My great-grandfather, Daniel William Mullan, was living on his own in Armoy in 1896, when he was 25 years old and still single. He probably moved into Armoy when he started working with the post office – and that could have been well before the age of 25, I just don’t know. I do know he lived there from at least 1896 until 1909, when he moved briefly to Belfast, before spending the rest of his life in Ballymoney.
My great-grandfather’s siblings, on the other hand, continued to live with their father in Moyaver Upper until his death in 1903. According to the 1901 census, their father’s cottage at Limepark had 2 rooms, stone walls and a slate roof. Patrick – the eldest – spent the early part of his life working at the Limepark dairy.
The siblings left Limepark sometime before 1911. That census shows Patrick working as an auxiliary postman and living with his 2 sisters in a stone house in Moyaver Lower with a slate roof, 4 rooms and 5 front windows. There was a cow shed and a piggery attached. This is the cottage my parents photographed in the 1980s.
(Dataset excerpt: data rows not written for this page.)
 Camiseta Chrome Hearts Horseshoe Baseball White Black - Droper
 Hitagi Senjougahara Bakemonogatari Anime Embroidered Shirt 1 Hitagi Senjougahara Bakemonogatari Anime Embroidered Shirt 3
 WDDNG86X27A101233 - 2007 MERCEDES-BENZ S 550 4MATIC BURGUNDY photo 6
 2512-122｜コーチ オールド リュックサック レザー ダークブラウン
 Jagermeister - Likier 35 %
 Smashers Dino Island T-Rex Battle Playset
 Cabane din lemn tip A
It’s hard to know if Pat owned the cottage. Possibly he did, and possibly he didn’t. There were land reforms after partition – essentially requiring that land be made available for sale to resident tenants – but I don’t know if Pat or his sisters ever had the money to exercise that right.
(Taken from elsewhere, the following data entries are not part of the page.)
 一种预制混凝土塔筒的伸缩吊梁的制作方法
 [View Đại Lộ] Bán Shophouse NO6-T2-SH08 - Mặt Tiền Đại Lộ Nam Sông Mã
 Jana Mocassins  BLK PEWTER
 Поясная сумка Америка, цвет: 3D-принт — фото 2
My parents were told that the cottage was absorbed into the property of the neighboring Clark family, although the Clark’s may have owned it all along. The paper trail would be held onsite at the Public Records Office in Belfast. Nothing is currently available online.
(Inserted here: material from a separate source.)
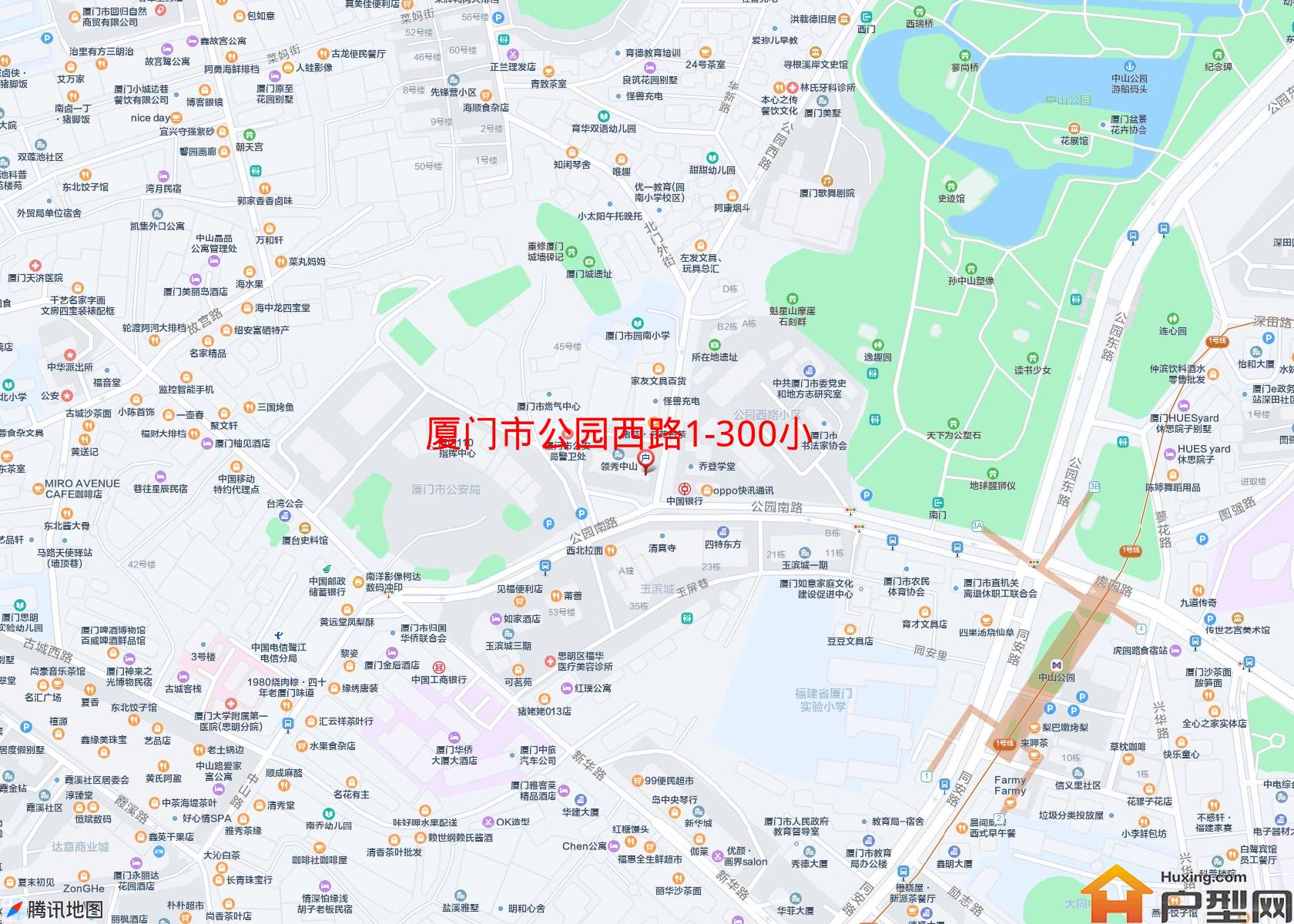 公园西路1-300小区小区 - 户型网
I know a bit about their life after moving there. I know they entered garden competitions almost every year in the 1920’s and won district prizes at least 9 times. I know 2 British soldiers stole Pat’s bicycle in 1927 – it was parked outside his house – and they spent 16 days in jail for it. I also know that Pat was really well liked by everyone because when he died in 1933 his old landlord at Limepark paid for a glowing obituary to be printed about him in the regional press.
The sisters lived on at the cottage until their deaths in 1954 and 1966. None of them ever married or had children and the cottage seems to be long gone now.